Content starts

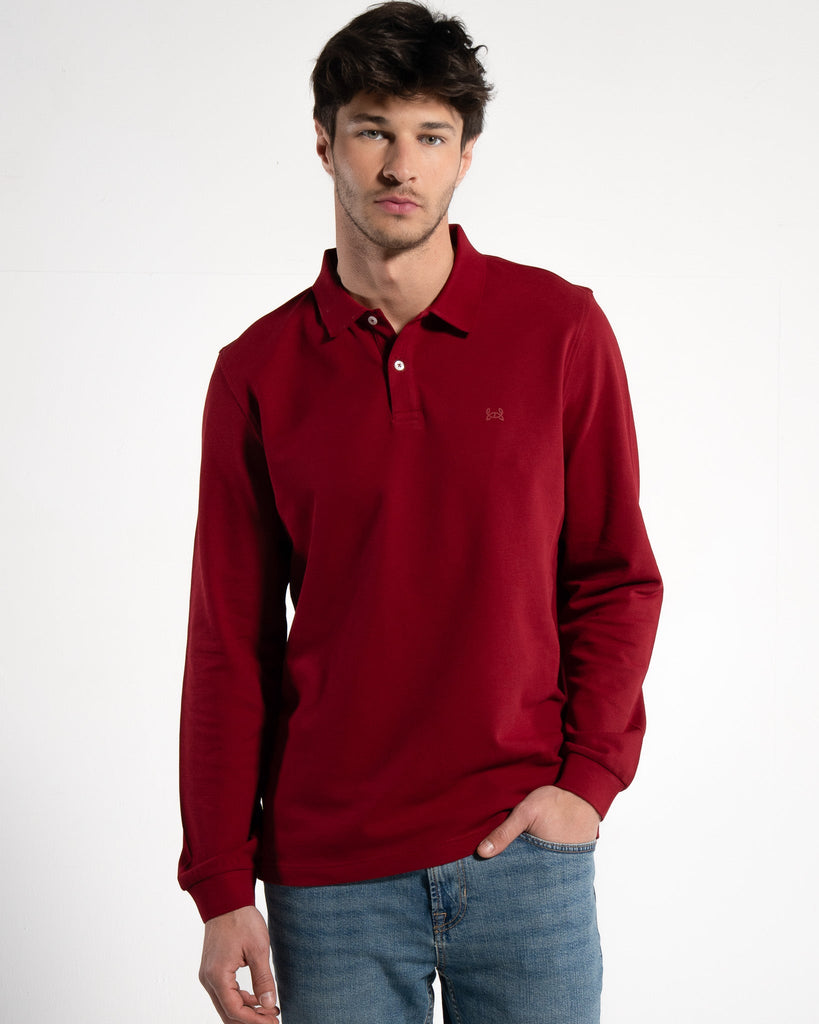 HERREN LANGARM POLOSHIRT| BORDEAUX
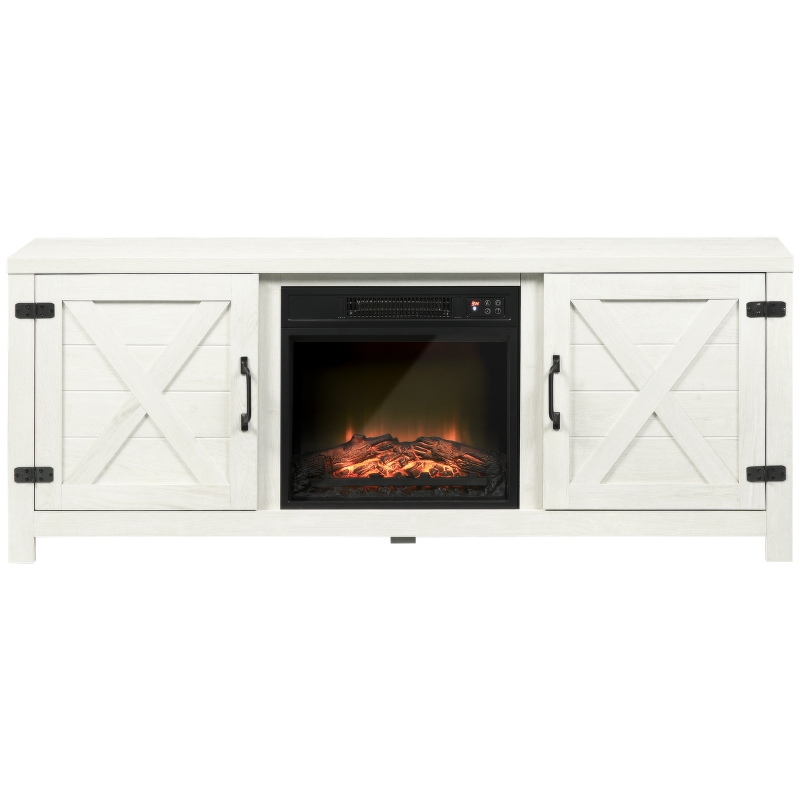 HOMCOM Electric Fireplace TV Stand for TV's up to 60" Flat Screen, Living Room Media Entertainment Console with Doors, Adjustable Storage Shelves, White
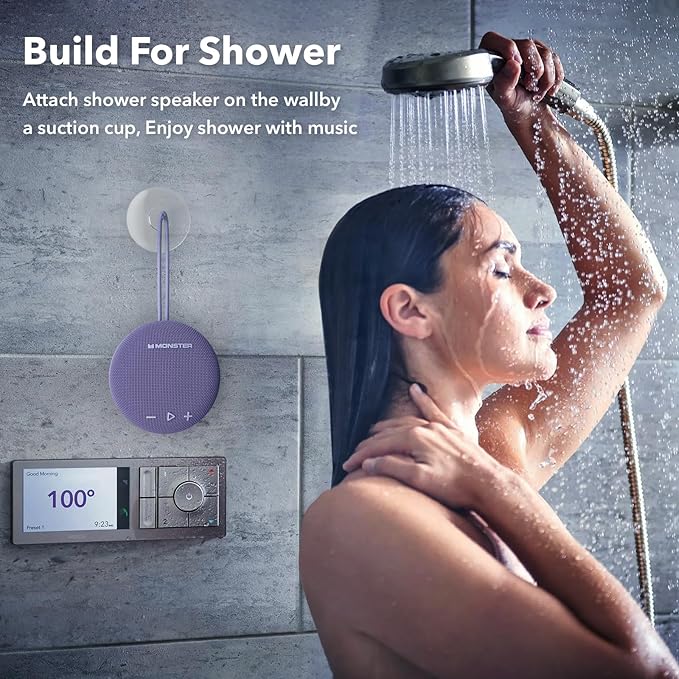 Monster Bluetooth Speaker, IPX8 Shower Speaker Waterproof, Bluetooth 5.4 with Loud HD Sound and Robust Bass, Extra Long Playtime Punchy, for Home, Beaches Portable Wireless Outdoor Speakers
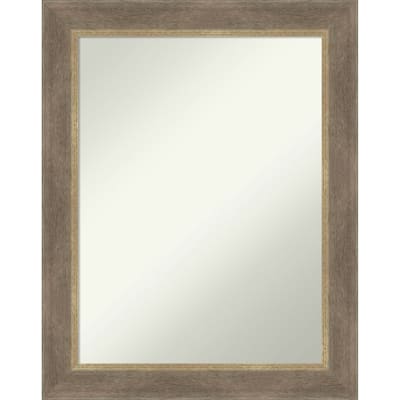 Driftwood Tan Non-Beveled Wood Framed Bathroom Vanity Wall Mirror - Driftwood Tan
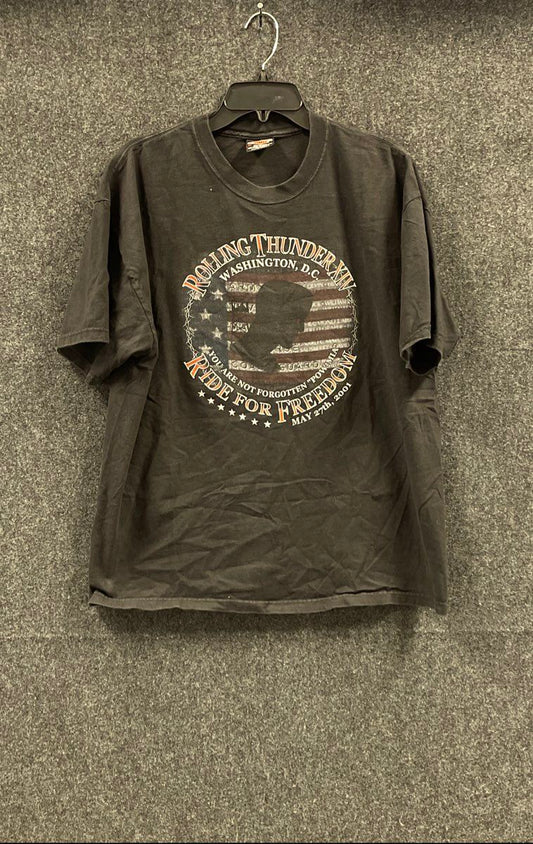 Vintage 2001 Harley-Davidson Rolling Thunder XIV Ride For Freedom T-Shirt Sz XL
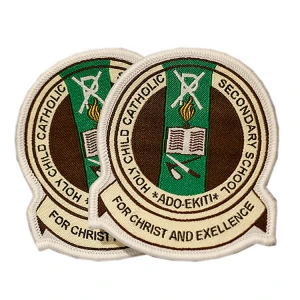 High Quality School Uniform Custom Iron On Woven Label Badges Patches with Adhesive Back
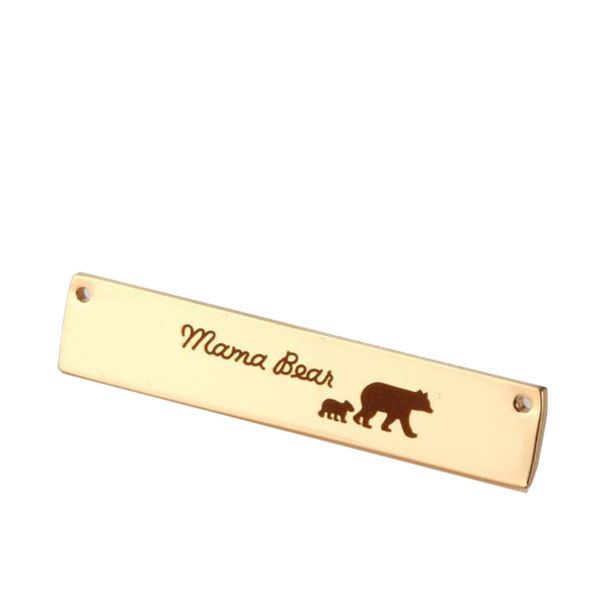 

personalized engraving name stainless steel cub bear bar accessories mama bear pendant mother's day wife gift, Blue;slivery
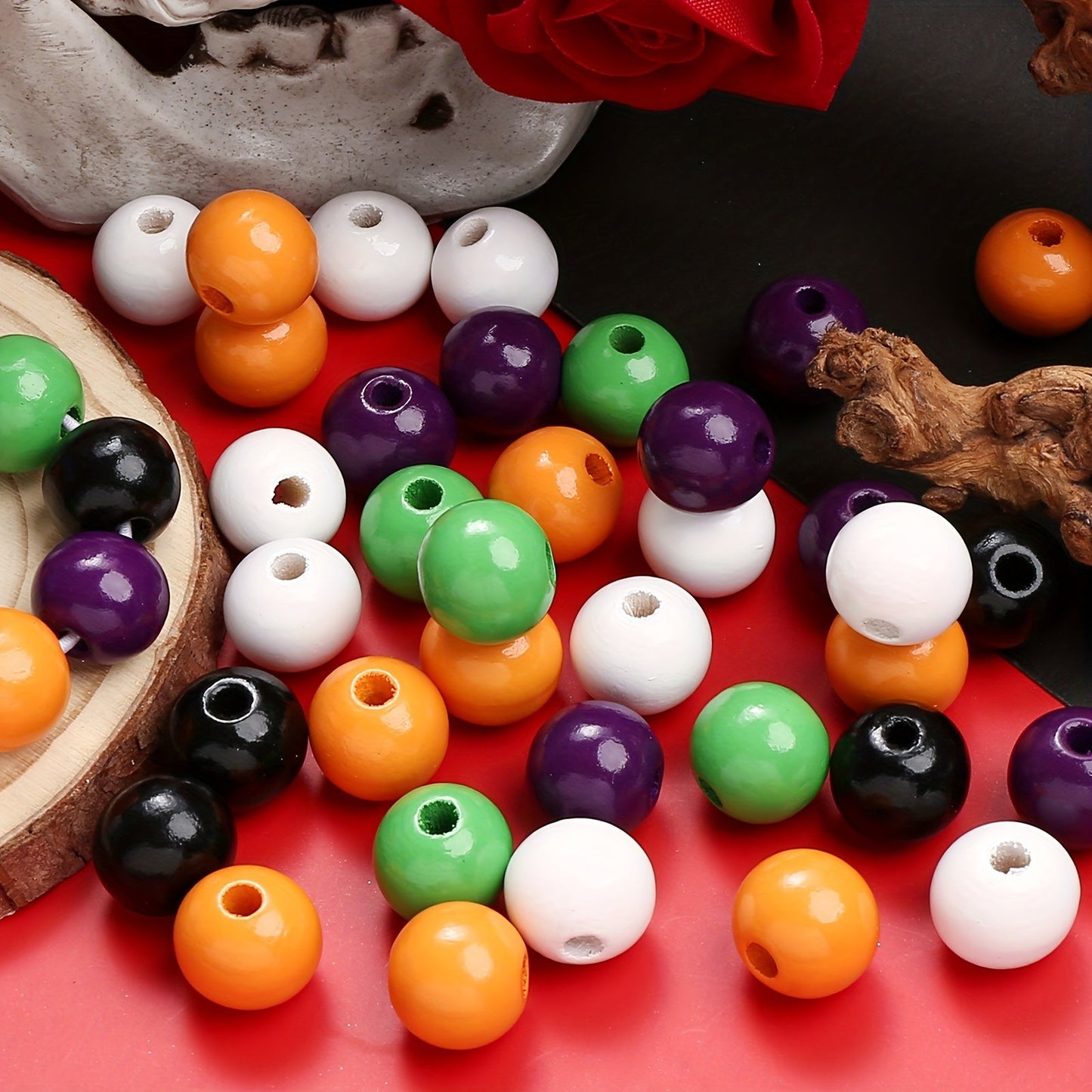 Halloween Wooden Large Hole Beads
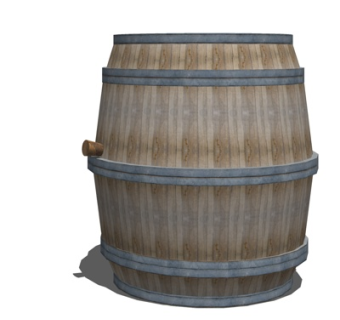 现代实木酒桶su模型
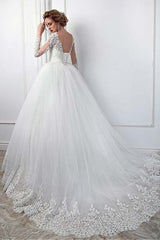 Gorgeous Ball Gown Long Sleeves Jewel Tulle Lace Wedding Dress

Content ends

§ ACTIVITY
Exclude the images and copy every record above exactly.

§ RESPONSE
 HERREN LANGARM POLOSHIRT| BORDEAUX
 HOMCOM Electric Fireplace TV Stand for TV's up to 60" Flat Screen, Living Room Media Entertainment Console with Doors, Adjustable Storage Shelves, White
 Monster Bluetooth Speaker, IPX8 Shower Speaker Waterproof, Bluetooth 5.4 with Loud HD Sound and Robust Bass, Extra Long Playtime Punchy, for Home, Beaches Portable Wireless Outdoor Speakers
 Driftwood Tan Non-Beveled Wood Framed Bathroom Vanity Wall Mirror - Driftwood Tan
 Vintage 2001 Harley-Davidson Rolling Thunder XIV Ride For Freedom T-Shirt Sz XL
 High Quality School Uniform Custom Iron On Woven Label Badges Patches with Adhesive Back

personalized engraving name stainless steel cub bear bar accessories mama bear pendant mother's day wife gift, Blue;slivery
 Halloween Wooden Large Hole Beads
 现代实木酒桶su模型
 Gorgeous Ball Gown Long Sleeves Jewel Tulle Lace Wedding Dress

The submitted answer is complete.